It was thus that these two—as near to the type of the City Fathers as France could produce—wrote to the Regent. But she had sunk too deep in the habit of sloth to be stirred. She left such affairs to Mazarin, and Mazarin was not likely seriously to disturb himself for the sufferings of a French peasant or the remonstrance of Parisian magistrates. The Fronde Rebellion, there­fore, sprang from the indolence of the Queen and the recklessness of the Cardinal. It was, despite its name, in its true origin an expression of the despair of the people, not of the rivalry of the nobles. In addition, it is a tragedy not only by reason of the appalling suffering of which it was the cause, but because its true import has been shrouded by the vain futilities of irresponsible persons.

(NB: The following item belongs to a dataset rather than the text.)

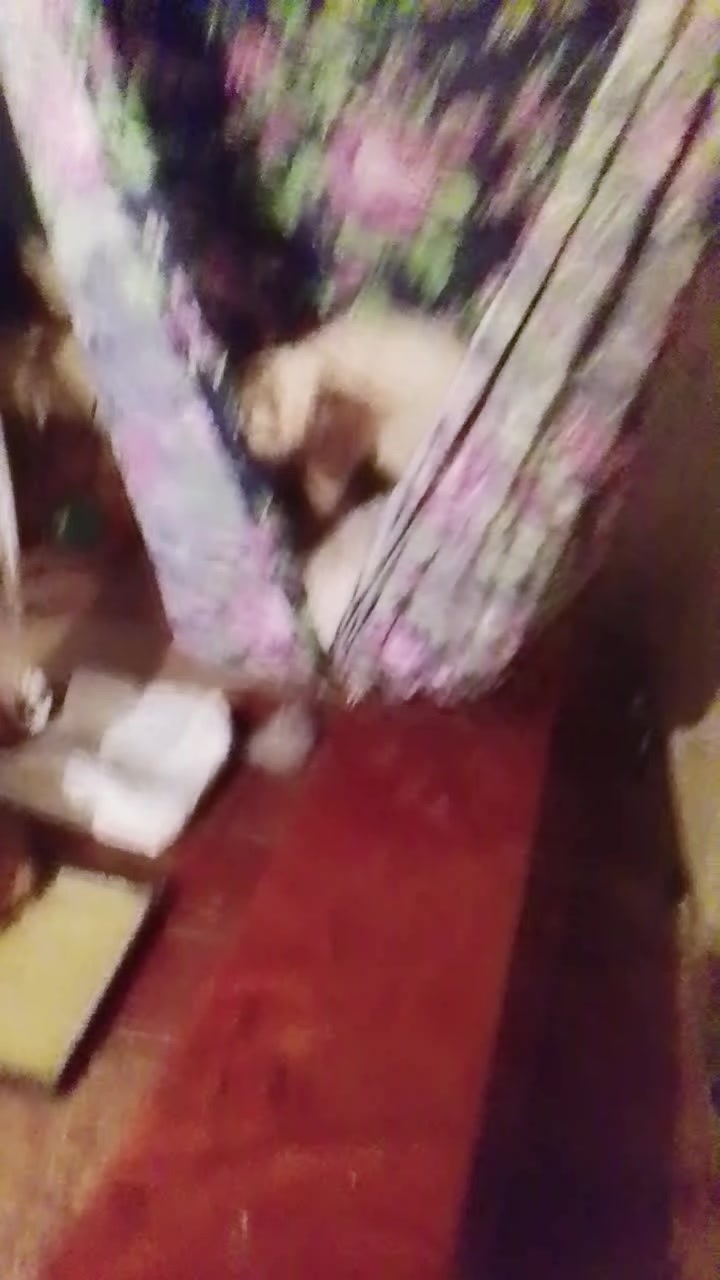 @Dgeki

Because there was not a man in France who could join to the capacity for leadership the clear brain and the true heart, without which a popular hero is merely a danger to the State, a great opportunity was missed, and misery and injustice continued to hold their sway until, in 1789, the day of retribution dawned.

If the Parlement could have stood firm—if, following the lead of Mathieu Molé, they had as a body represented the people and striven to guide the Queen to justice and moderation—the Regency would have stood for ever as a golden epoch in the social history of France; but they had not the required strength either as individuals or as a body. Misled by traditional respect for the ruling class, they welcomed the intervention of the nobles, only to find that the cause for which they were prepared to sacrifice fortune and life was of no account in the minds of the leaders they had chosen. The people had yet to learn their need of representation; there were no labour leaders even in embryo. Théophraste Renaudot, who, of his contemporaries, had been most fitted for that posi­tion, had had so many enemies among the bourgeoisie that his only possibility of existence depended on the protection of the Court. De Gondi, though he had the genius of the democrat, had none of the self-devotion which would have been necessary in a real champion of the people’s rights; and the others who, at differing epochs, played for and caught the fancy of the populace, desired it and used it solely to serve some evanescent, personal ambition. The strongest cause was that of the Parle­ment against the Crown—this was indeed the cause of a suffering people—but the self-interest of individuals destroyed any hope of a contest on a straight issue, and it would have been difficult for an honest man to choose a party and be loyal to it, for the objects of each of the many parties that opposed the Queen seem to have been interchangeable.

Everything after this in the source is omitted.